> **Required work**: Exact transcription, pictures omitted: reproduce the listing below.

> **Entries shown**:
===============
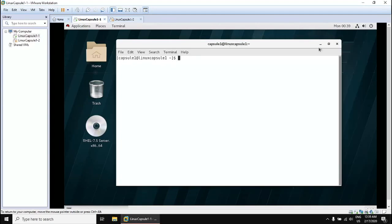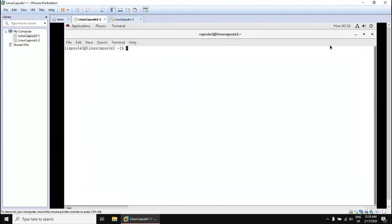Let's maximize the terminal and see how we can manage files and directories. First of all, know your current working directory using the `pwd` command, which prints the currently working directory. The default one is /home/username — in this case it's 'capsule1', as we know from previous videos.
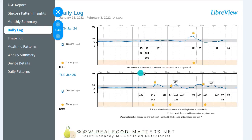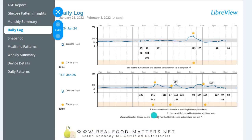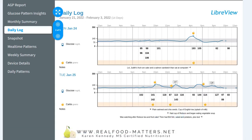So you can see this person wrote — Judith's Fruit Room Cake and a Salmon Sandwich, and sat at the computer. That's what she ate, and this was the result of her glucose curve afterwards. Here the person made a note: plain oatmeal with chia seeds and a cup of tea with milk. And another note: had a cup of herbal tea and began eating vegetable soup.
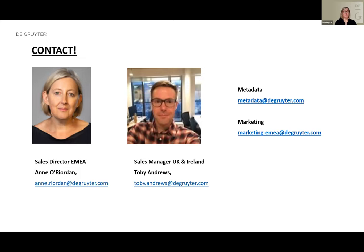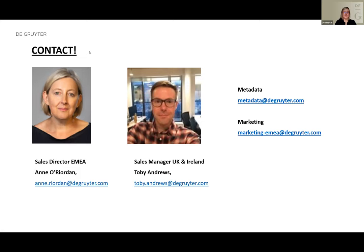I don't see any other questions. We're at the hour. I hope you enjoyed today's session. We will send you all the slide deck and the recording afterwards with more information, and we hope to talk to you further. Thank you for joining and we hope to see you again at one of our forthcoming workshops. Thank you very much for taking your time and have a great afternoon. Goodbye.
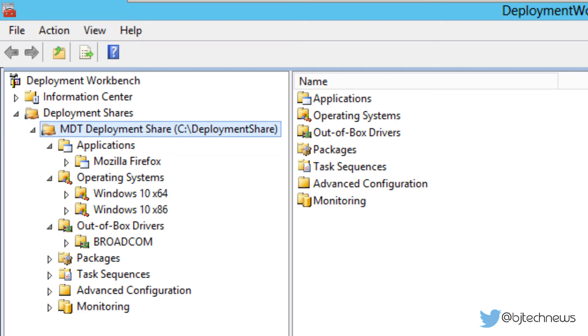Hey guys, welcome back to Bernard from BTNHD. Once again we're back at it with MDT 2013 and deployment of Windows 10.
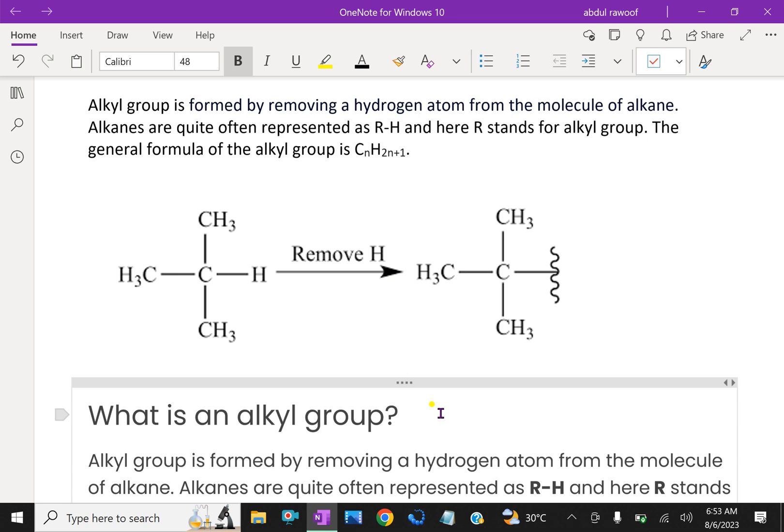Alkyl groups are not stable compounds themselves — they are simply parts of larger compounds. Alkyl groups are named by replacing the -ane ending of the parent alkane with the -yl ending. For example, removal of hydrogen from methane (CH4) generates a methyl group, CH3.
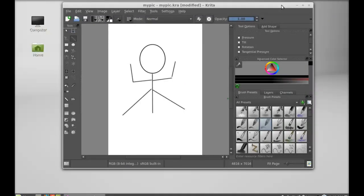So I hope you will like Krita. And that's all for now friend. Thanks for watching.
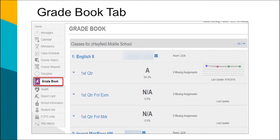Gradebook is not available for elementary students. For middle and high school students, parents or guardians can see the assignments and scores earned that have been created in the teacher's gradebook. Additional information about specific assignments can be seen by clicking on the assignment name.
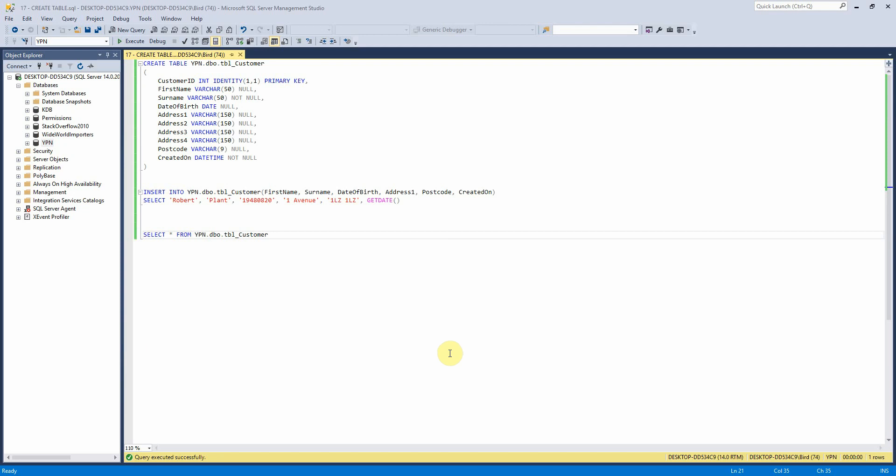Hello, everyone. Today we are going to look at how to create a table using T-SQL.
===============
> **Exercise answer**:
Let's maximize the terminal and see how we can manage files and directories. First of all, know your current working directory using the `pwd` command, which prints the currently working directory. The default one is /home/username — in this case it's 'capsule1', as we know from previous videos.
So you can see this person wrote — Judith's Fruit Room Cake and a Salmon Sandwich, and sat at the computer. That's what she ate, and this was the result of her glucose curve afterwards. Here the person made a note: plain oatmeal with chia seeds and a cup of tea with milk. And another note: had a cup of herbal tea and began eating vegetable soup.
I don't see any other questions. We're at the hour. I hope you enjoyed today's session. We will send you all the slide deck and the recording afterwards with more information, and we hope to talk to you further. Thank you for joining and we hope to see you again at one of our forthcoming workshops. Thank you very much for taking your time and have a great afternoon. Goodbye.
Hey guys, welcome back to Bernard from BTNHD. Once again we're back at it with MDT 2013 and deployment of Windows 10.
Alkyl groups are not stable compounds themselves — they are simply parts of larger compounds. Alkyl groups are named by replacing the -ane ending of the parent alkane with the -yl ending. For example, removal of hydrogen from methane (CH4) generates a methyl group, CH3.
So I hope you will like Krita. And that's all for now friend. Thanks for watching.
Gradebook is not available for elementary students. For middle and high school students, parents or guardians can see the assignments and scores earned that have been created in the teacher's gradebook. Additional information about specific assignments can be seen by clicking on the assignment name.
Hello, everyone. Today we are going to look at how to create a table using T-SQL.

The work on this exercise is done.